62P - Predictive value of combined positive score (CPS) and tumor proportion score (TPS) for immunotherapy response in advanced non-small cell lung cancer (NSCLC)

Background

In advanced stage non-small cell lung cancer (NSCLC), tumor proportion score (TPS) is typically used to predict the efficacy of immune checkpoint inhibitors (ICI). However, in other cancer types, the combined positive score (CPS), which covers PD-L1 expression on both tumor and surrounding immune cells, is used. We investigated the predictive value of CPS in comparison to TPS in advanced NSCLC.

Methods

A monocenter retrospective study was performed in advanced NSCLC patients treated with ICI monotherapy between 2015 and 2021. H&E and PD-L1 were stained on baseline tumor biopsies to score PD-L1 by both TPS and CPS. Positivity for TPS and CPS was defined as a score of 1% or above. Progression-free survival (PFS) and overall survival (OS) were assessed for TPS and CPS scores.

Results

Amongst the 187 included patients, PD-L1 positivity was found in 112 patients (59.9%) by TPS and 135 patients (72.2%) by CPS. In terms of PFS, no significant differences were observed between TPS⁻ and TPS⁺ or CPS⁻ and CPS⁺ patients (HR 0.86, p = 0.37 and HR 0.72, p = 0.065, respectively). There was no significant difference in OS between TPS⁻ and TPS⁺ patients (HR 0.81, 95%CI 0.59–1.12, p = 0.20). However, CPS⁺ patients did show a longer OS than CPS⁻ patients (HR 0.62, 95%CI 0.44–0.87, p = 0.006). OS was superior in both TPS⁻/CPS⁺ and TPS⁺/CPS⁺ as compared to TPS⁻/CPS⁻ cases (HR 0.52, p = 0.018 and HR 0.64, p = 0.015, respectively). Cases that were TPS⁻/CPS⁺ had a comparable OS to TPS⁺/CPS⁺ cases (11.3 vs 9.7 months, p = 0.016).

Conclusions

To our knowledge, this is the largest real-world population study comparing TPS and CPS in NSCLC. We showed that CPS differentiated OS better than TPS in advanced NSCLC patients with ICI monotherapy. Remarkably, this was driven by the performance of the TPS⁻/CPS⁺ subgroup, indicating that CPS may be a better predictive biomarker for ICI efficacy. These findings support the notion that ICI also have an anti-cancer efficacy through inhibiting the immune suppressive immune cells in the tumor microenvironment.
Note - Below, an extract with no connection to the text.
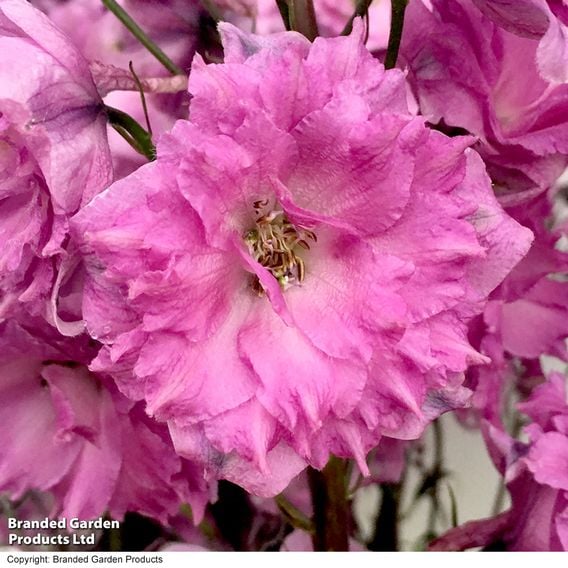 Delphinium 'Millennium Pink Punch'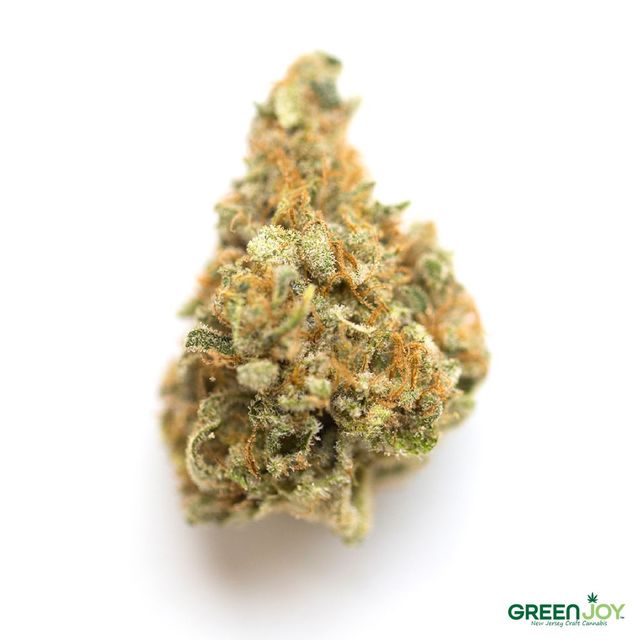 Mandarin Cookies Green Joy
Legal entity responsible for the study

The authors.

Funding

Has not received any funding.

Disclosure

S. Hashemi: Other, Institutional, Other, Research contracts to the institution, outside of the current study: AstraZeneca, Boehringer Ingelheim, BMS, Eli Lilly, Janssen, GSK, MSD, Novartis, Roche, Takeda. All other authors have declared no conflicts of interest.